Qu’est-ce que l’Eurasisme ?

L’Eurasisme se présente comme une doctrine géopolitique et un courant de pensée, remontant aux années vingt, qui promeut l’idée d’un vaste ensemble civilisationnel eurasiatique.

Entre une émigration russe blanche sceptique et un marxisme hostile, l’ Eurasisme connaît un succès très limité. Porteur d’une pensée véritablement géopolitique, il faut attendre la chute de l’Union soviétique et les débats des années 1990 pour qu’il soit propulsé comme courant incontournable de la nouvelle Russie.

Elle est reprise de nos jours par l’intellectuel et idéologue politique russe, Alexandre Douguine, principal chef de file du courant qualifié de « néo-eurasiste », qui affirme avoir « restauré une partie significative des idées des premiers eurasistes, en y  ajoutant géopolitique et traditionalisme, et en les appliquant aux réalités politiques de la Russie d’aujourd’hui ».

L’un des fondateurs de ce mouvement est le prince Nicolaï Troubetzkoï (1890-1938) né dans l’émigration russe des années 1920, qui déconstruit la tradition slavophile en affirmant, arguments à l’appui, que la Russie serait plus asiatique et touranienne que slave. Troubetzkoï glorifie également l’héritage byzantin, par opposition à un « Occident » romano-germanique.

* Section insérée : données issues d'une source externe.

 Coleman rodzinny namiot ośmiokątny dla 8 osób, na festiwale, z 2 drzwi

L’objectif de l’ Eurasisme serait de rendre à la Russie son rôle de médiation entre l’Asie et l’Europe, pour la défense d’un monde multipolaire face à la civilisation américaine.

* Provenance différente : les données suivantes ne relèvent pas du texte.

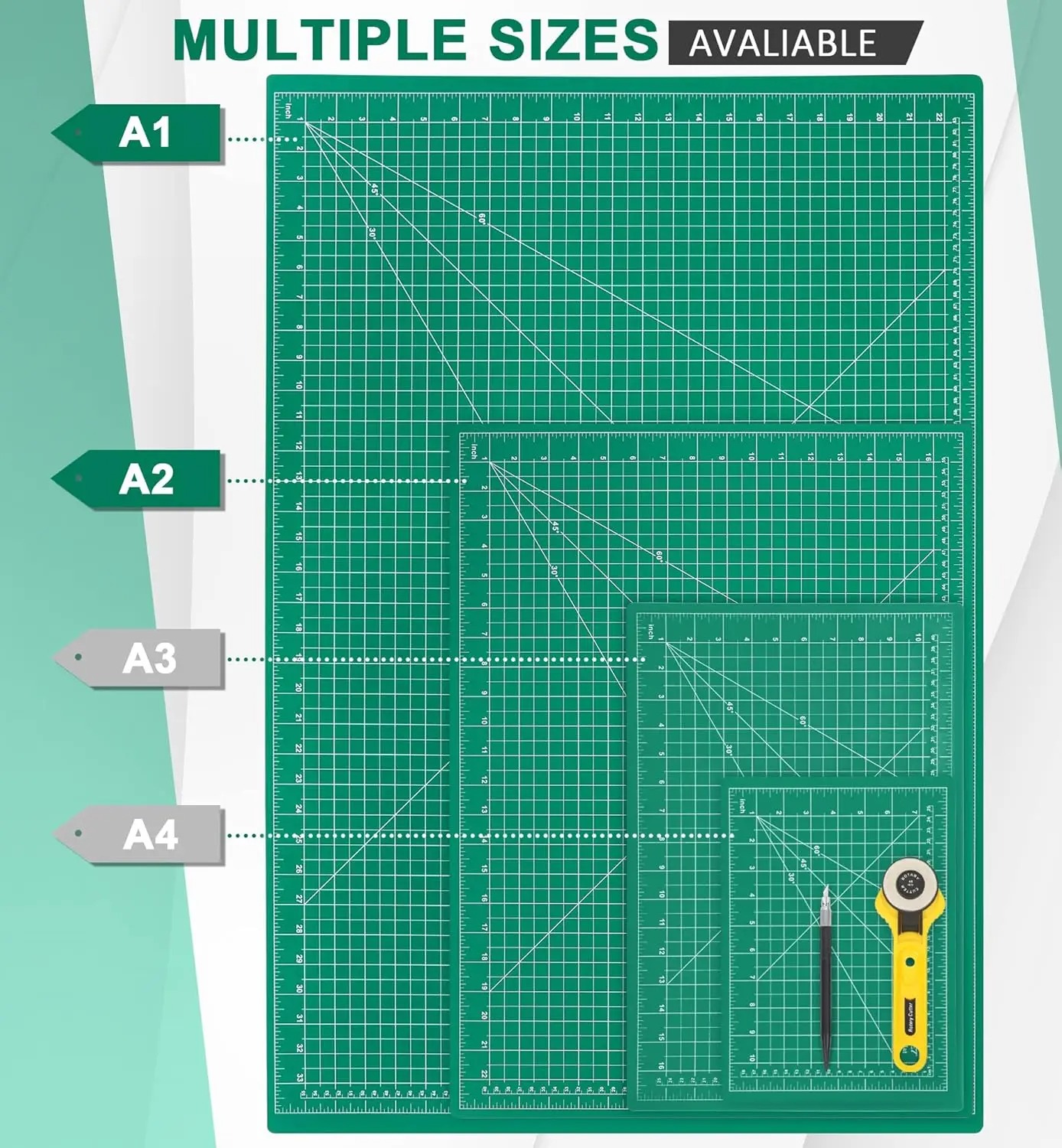 A2 A3 A5 PVC alas potong dua s - Plotter Cutting Mat ulasan dan harga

Un projet qui se présenterait donc comme une alternative face aux trois grands derniers échecs politiques, le communisme, le fascisme et le capitalisme.

En effet, selon Alexandre Douguine, lorsque la droite et la gauche ne veulent plus rien dire, et que les libéraux sont sur la même ligne que les libertaires, il ne reste qu’à inventer une quatrième et nouvelle théorie politique.

Dès lors, l’ Eurasisme est naturellement une idéologie anti-occidentale, déniant à la société occidentale le droit d’établir en qualité de normes universelles ses propres critères en matière de bien et de mal.

Selon les eurasistes, la Russie est une civilisation eurasienne, et non la périphérie de l’Europe. Ils sont des opposants à l’hégémonie occidentale, à l’expansion américaine, aux valeurs libérales, et des partisans de la civilisation russe autonome, de sa religion et de sa tradition.

Cette pensée, qui se situe au-delà des réflexes et des clivages idéologiques artificiels conditionnés, préconiserait également un retour aux spiritualités traditionnelles, en déclarant la guerre au post-modernisme de l’Empire anglo-saxon et ses ambitions de domination mondiale.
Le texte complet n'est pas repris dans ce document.